Sebastian Herrmann ist nicht zu beneiden. Der Rheinbahn-Mitarbeiter steht seit sieben Uhr früh mit seinem blauen Motorroller neben der Kreuzung Gladbacher Straße/Neusser Straße und informiert die Fahrgäste darüber, dass wegen des Triathlons die Straßenbahnlinien 706 und 709 woanders abfahren. Als Jerome Boateng in der achten Minute das 1:0 erzielt, hört Herrmann den Jubel aus den Lokalen in der Nachbarschaft und lächelt. „Irgendwie bekomme ich doch etwas mit“, sagt er vergnügt.

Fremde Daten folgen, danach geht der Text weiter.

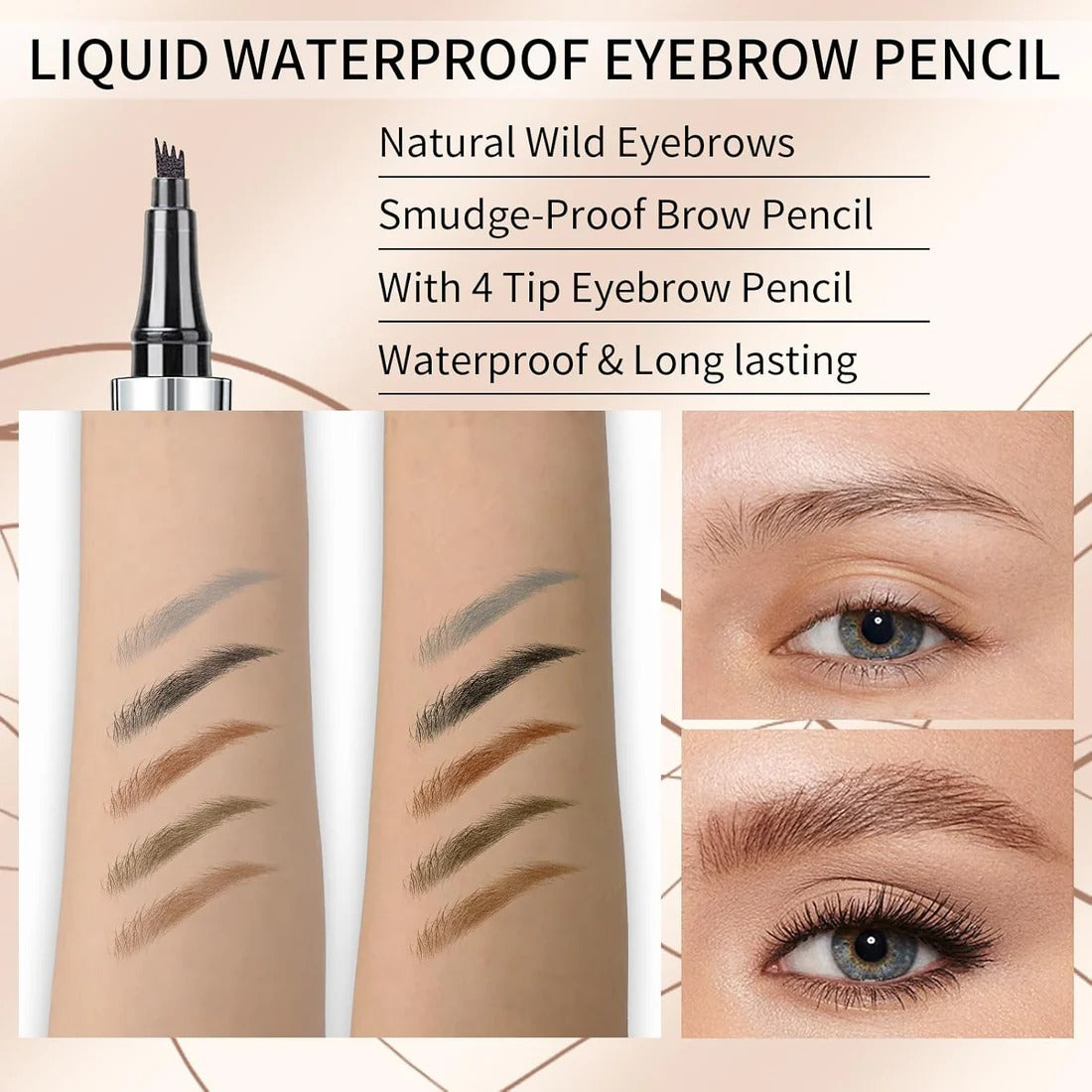 QIC Eyebrow™ Tužka na obočí pro přirozený vzhled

In der Frida auf der Bilker Allee wird das Spiel auf einer großen Leinwand übertragen. „Eigentlich haben wir gar keine Ahnung vom Fußball“, meint Claudia Berge, die mit ihrer Freundin Sabine Oswald am Tisch sitzt. Ein kleines, blinkendes Kunststoffherz in Schwarz-Rot-Gold und ein Schal in Nationalfarben reichen den beiden als Fandeko. Mesut Özil vergibt einen Elfmeter und Niko Stojanovski zieht Bilanz. „Es gibt keine EM-Euphorie. Zum ersten Gruppenspiel hatten wir auf dem Bürgersteig noch einen Bierwagen, aber das lohnte sich gar nicht. Ich bin froh, wenn die EM vorbei ist“, sagt der Inhaber der Frida. Er macht noch einen Grund für die Flaute aus: „Inzwischen überträgt jedes Lokal Fußball.“
Die Stimme von ZDF-Kommentator Béla Réthy ist bis zum verschlossenen Portal der katholischen Pfarrkirche St. Martin zu hören, als Mario Gomez das 2:0 erzielt. Gegenüber, vor den Kaffeepiraten auf der Neusser Straße, sitzt ein Mann und liest seelenruhig Zeitung. Die Europameisterschaft scheint im Land des Weltmeisters eine Veranstaltung zweiter Klasse zu sein. „Der Besuch ist nicht so, wie er sein sollte“, sagt auch Peter Hofmann achselzuckend. Der Chef vom Fuchs im Hofmanns zeigt das Achtelfinale auf einer Leinwand und drei großen Flachbildschirmen. „Bei manchen Champions League-Spielen ist hier deutlich mehr Betrieb“, meint der Wirt.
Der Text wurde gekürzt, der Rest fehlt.